I am going to show you a few different call center war tactics today. I have succeeded with this simple recipe myself. However it has not always been easy, still the formula is child’s play, and you can easily track and find results needed to guide you to a good conclusion. I will create a fictional scenario as an example.
In this scenario you will have 760 contacts on average. You have 10 employees handling on average 58 contacts. Resulting in an average response of 76,32 %. Customers are not getting a good response in time, and unanswered contacts are building up into a huge pile of “shit you should have done”

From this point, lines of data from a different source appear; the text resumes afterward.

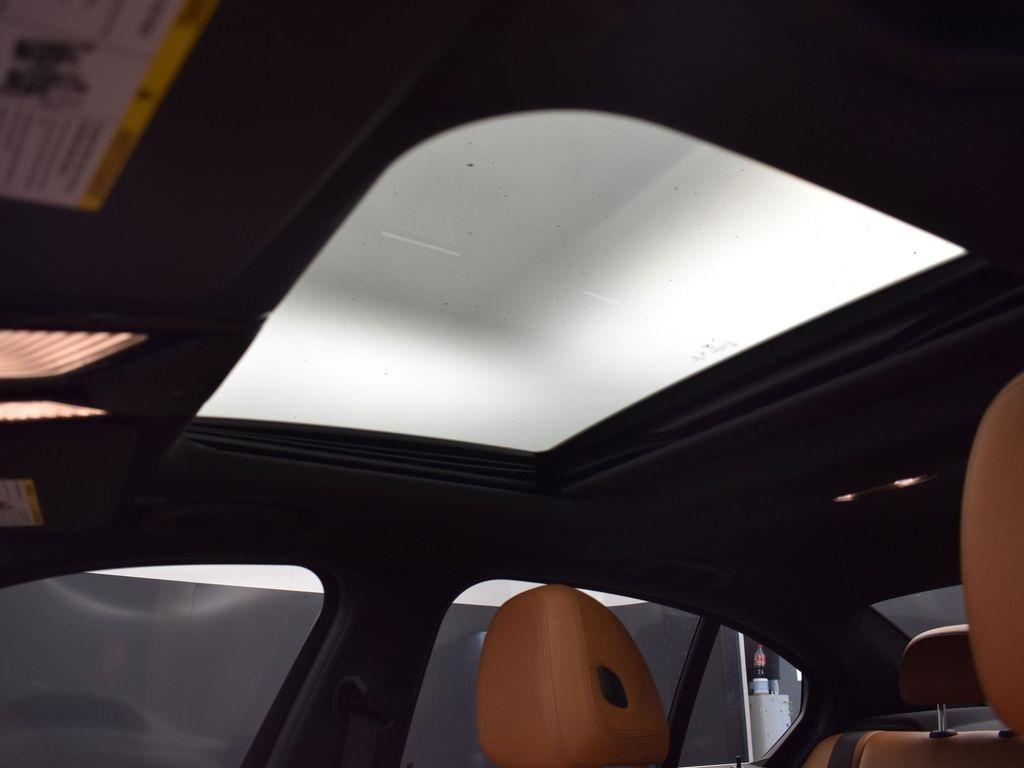 used 2021 BMW 330 car, priced at $28,000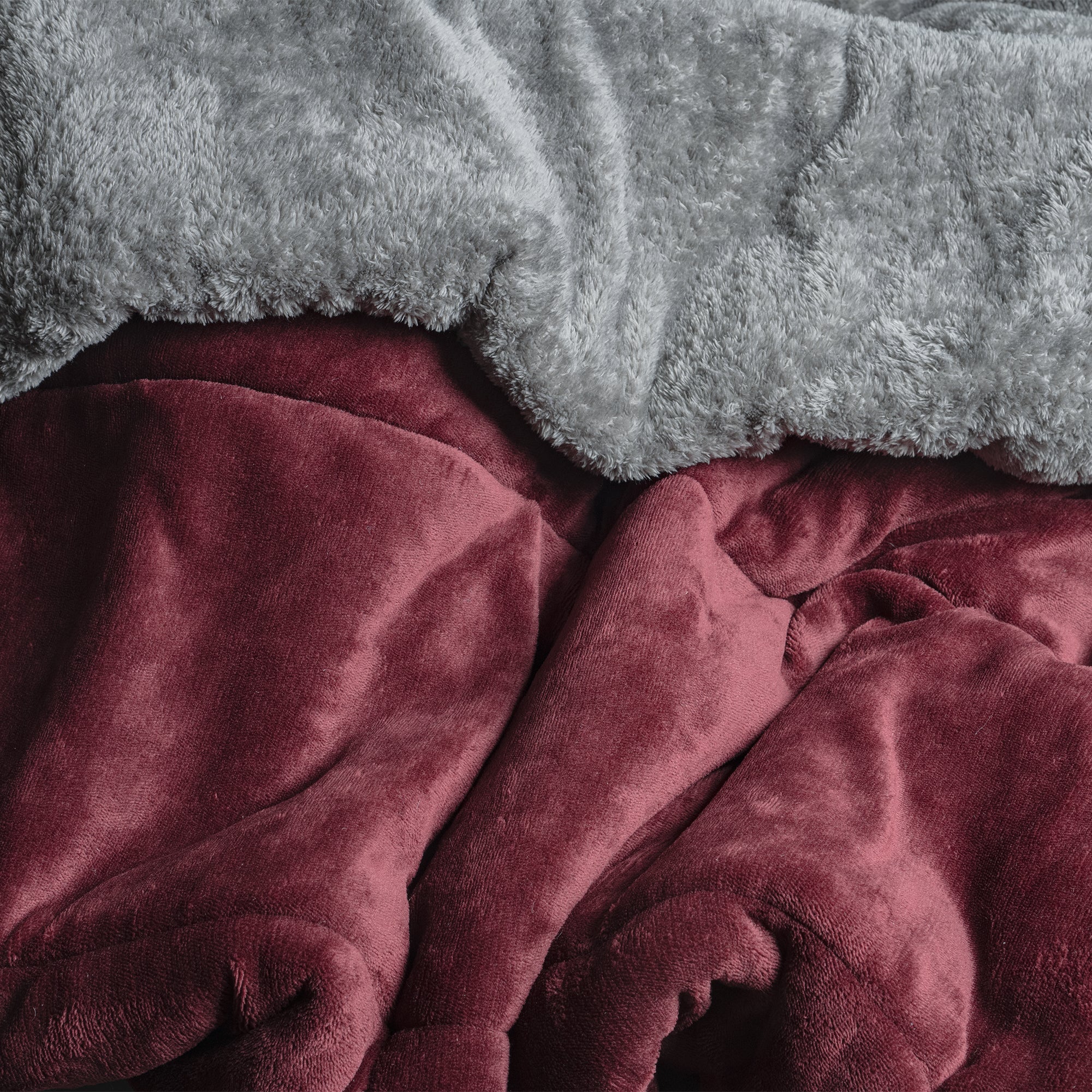 Red Winter Cover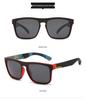 D731 Men's Retro Polarized Outdoor Cycling Sunglasses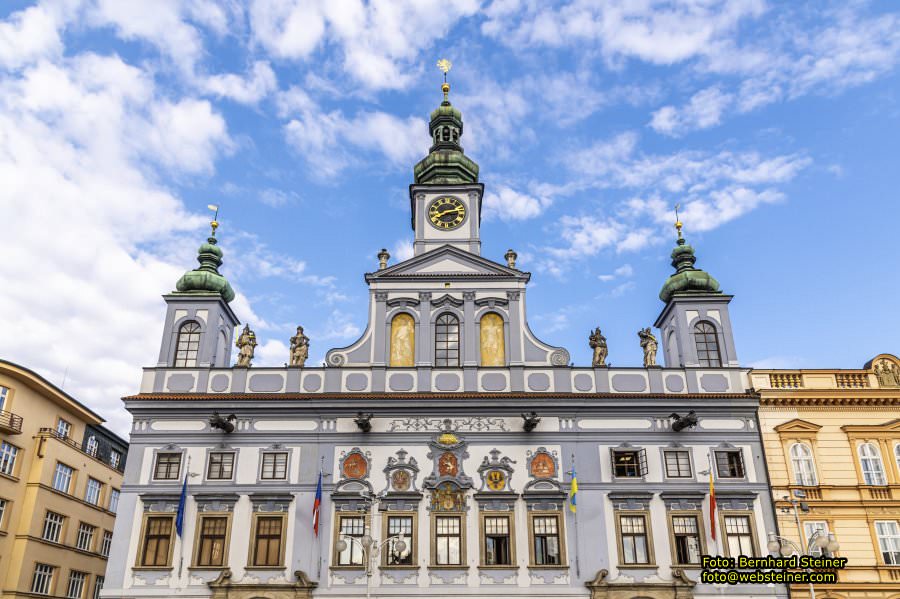 Budweis - Cesk� Budejovice, Mai 2022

Your job is to improve results. What do you do?
The hire solution
This is surprisingly a very common solution. “We have x number of contacts, our staff handles on average y. x/y = number of employees needed. By hiring one more employee, you will have an average of 83,95 %, hire two people and you got 91,58 %, so it is a cost question, are you willing to pay for better customer service?
The pressure solution
There is no budget to hire more staff? You need to get more out of them. If everybody can handle 10 % extra, that would result in 83,95 % and that would be good enough, and we can stay on budget. Guess what? This is a very common solution. The result is higher pressure, less time per customer and a worse customer experience.
The hideout
It is too easy to contact us, we need to reduce the channels and hide our phone number deep in our website structure. What you are really saying; We do not need information and feedback from our customers, and since you are bothering us with your stupid questions we must make it harder for you to contact us. The effect? The customer will talk to someone else. They will call your sales office about customer service issues. Water will always find another way. If you ever thought of this plan, don’t.
The information highway
“What are your opening hours?”, “Do you have a store near me?”, “I need a copy of my invoice” – This is what I call stupid questions. Not because the questions are stupid, but because you are stupid not to be answering these questions on your webpage or other informational channels. And you do not have automated services where your customers can see and retrieve necessary information. What is your stupid questions ratio? 1 of 10? 2 of 10? Find out and see if you can reduce the 760 contacts to 680? Resulting in 85,3 % handled contacts. You would need more than one extra employee to get this number if you follow the hire solution. With a two year payback period you would have a good amount of money to use on the information highway.
The substitution
Your average employee handles 58 calls. And the 4 worst performing people gets kicked out and replaced with average performing workers, then you will have and improvement in this scenario from about 76 % to 80 % – The effect might be larger on a bigger call center, or a call center with a bigger span between the best and the worst. It is an expensive solution without any result guarantees, and it takes time. However in some situations this might also be necessary. The effect is small, the costs are large and it takes time to get a win out of it.
The analyzer
You have 760 contacts, why are they contacting you?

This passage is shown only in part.